▸ **INSTRUCTIONS TO FOLLOW**
From the data below, return the exact lines starting at the line containing "Wooden Cable Management" and ending at the line containing "Porta vaso metal-vidrio", both included, and nothing else.

▸ **MATERIAL PROVIDED**

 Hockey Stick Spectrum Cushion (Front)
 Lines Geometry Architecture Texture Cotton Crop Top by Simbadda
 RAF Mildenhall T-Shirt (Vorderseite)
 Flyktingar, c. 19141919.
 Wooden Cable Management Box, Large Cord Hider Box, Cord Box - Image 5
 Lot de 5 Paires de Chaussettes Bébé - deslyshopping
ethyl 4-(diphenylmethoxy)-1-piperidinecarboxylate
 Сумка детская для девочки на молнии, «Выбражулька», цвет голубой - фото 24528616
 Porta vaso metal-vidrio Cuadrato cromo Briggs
---
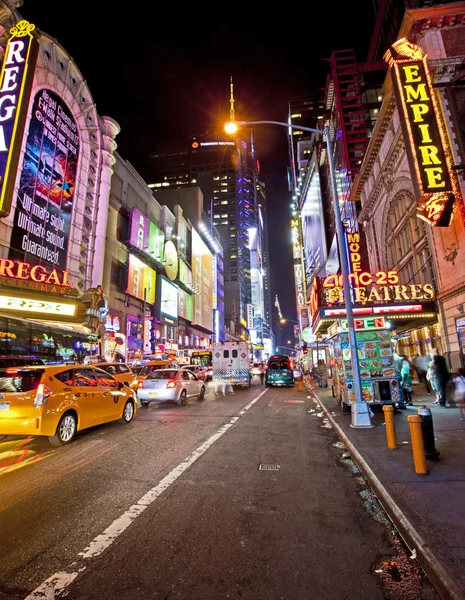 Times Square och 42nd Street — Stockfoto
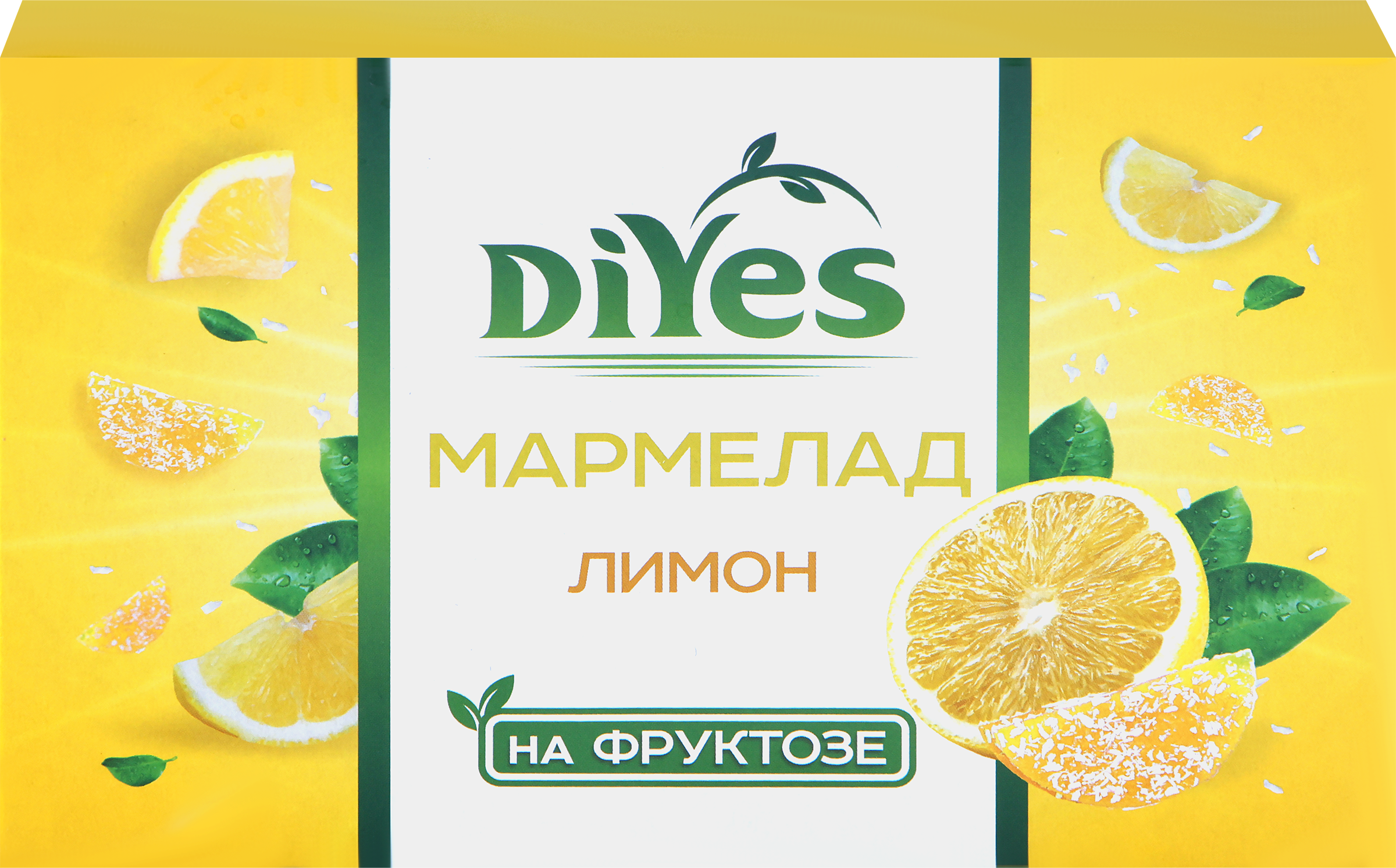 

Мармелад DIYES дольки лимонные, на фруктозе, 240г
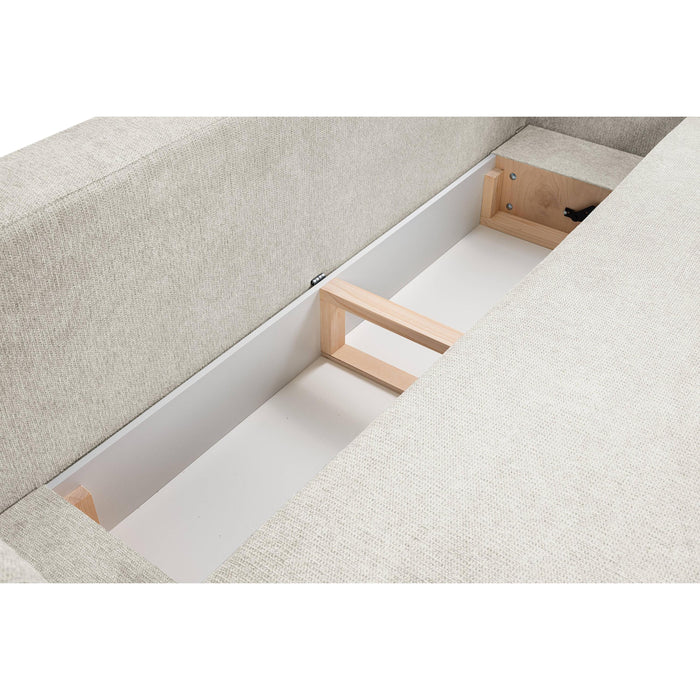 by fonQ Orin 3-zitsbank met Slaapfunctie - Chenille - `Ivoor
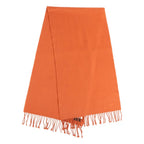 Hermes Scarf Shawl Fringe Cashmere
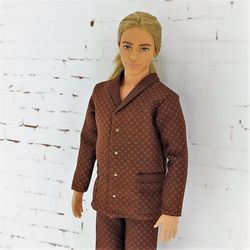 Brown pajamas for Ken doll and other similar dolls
---
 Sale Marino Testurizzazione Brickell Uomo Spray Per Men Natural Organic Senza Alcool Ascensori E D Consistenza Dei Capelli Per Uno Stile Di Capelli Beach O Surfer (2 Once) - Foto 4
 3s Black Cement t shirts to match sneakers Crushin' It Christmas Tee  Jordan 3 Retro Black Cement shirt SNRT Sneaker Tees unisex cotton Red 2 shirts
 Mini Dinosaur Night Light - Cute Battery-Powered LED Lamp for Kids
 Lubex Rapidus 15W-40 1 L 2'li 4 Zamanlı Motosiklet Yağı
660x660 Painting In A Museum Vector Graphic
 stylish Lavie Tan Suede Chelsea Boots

▸ **RESPONSE TO THE TASK**
 Wooden Cable Management Box, Large Cord Hider Box, Cord Box - Image 5
 Lot de 5 Paires de Chaussettes Bébé - deslyshopping
ethyl 4-(diphenylmethoxy)-1-piperidinecarboxylate
 Сумка детская для девочки на молнии, «Выбражулька», цвет голубой - фото 24528616
 Porta vaso metal-vidrio Cuadrato cromo Briggs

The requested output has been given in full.